How to Visualize Twitter Trends in 4 Simple Steps
A Swift Approach to Research Trending Topics in 10 Minutes
1. Install Twint and Import Libraries
Twint is a powerful yet straightforward Python package that allows scraping Twitter posts without API.
!pip3 install --user --upgrade git+https://github.com/twintproject/twint.git@origin/master#egg=twint
!pip install nest-asyncio
import twint
import nest_asyncio
nest_asyncio.apply()
2. Configure your Twitter Requests
config.Search: specifies any topics that you are interested in
config.Limit: how many tweets to scrape
config.Since and config.Until: controls the time range of the tweets published date
config.Output: specifies the output location. Twint supports the format csv, JSON, SQLite and ElasticSearch
config = twint.Config()
config.Search = "data science" #replace the topic as you like
config.Limit = 1000
config.Lang = "en"
config.Store_csv = True
config.Since = '2022-06-04'
config.Until = '2022-06-06'
config.Output = "twitter.csv"
twint.run.Search(config)
3. Visualize Using WordCloud
Now that the information is stored in the file “twitter.csv”, we can import it as a Pandas dataframe and use WordCloud library to generate word cloud by passing the content df.tweet. WordCloud is an easy tool to visualize the word based on its occurrence frequency in texts.
from wordcloud import WordCloud
import matplotlib.pyplot as plt
from nltk.corpus import stopwords
import pandas as pd
# read csv as pandas dataframe
df = pd.read_csv("twitter.csv")
# optional - remove stopwords from the tweets
stopwords = stopwords.words('english')
stopwords.extend(['data science', 'data', 'science', 'Data Science', 'DataScience'])
# optional - remove urls from the tweets
tweet = df.tweet.replace('https://t.co/|https://', '', regex = True)
# generate wordcloud
wordcloud = WordCloud (
stopwords = stopwords,
background_color = 'white',
width = 1920,
height = 1080,
colormap = "GnBu"
).generate(' '.join(tweet))
plt.subplots(figsize = (16,16))
plt.imshow(wordcloud)
We can run some data cleansing to make the results more relevant.
remove stopwords using library stopwords and append your own stop words to the list, e.g. variations of the topic keywords are are not bringing additional value here
remove hyperlinks/urls in texts e.g. df.tweet.replace(https://, '', regex = True)
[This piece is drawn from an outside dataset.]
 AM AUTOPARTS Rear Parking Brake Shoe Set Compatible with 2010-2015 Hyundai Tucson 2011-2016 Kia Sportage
There are several parameters of the WordCloud that you can play around with such as background_color, width, height, colormap. Most importantly, pass the tweet dataset to generate the word cloud.
The most mentioned topics will appear larger compared to those tiny ones that are mentioned less frequently — as shown here, “Python” and “AI” stand out.
4. Spot the Trend
Time to implement it by yourself. You can play around with different settings of the topic, timeframe, or sample size and see how the trends evolve.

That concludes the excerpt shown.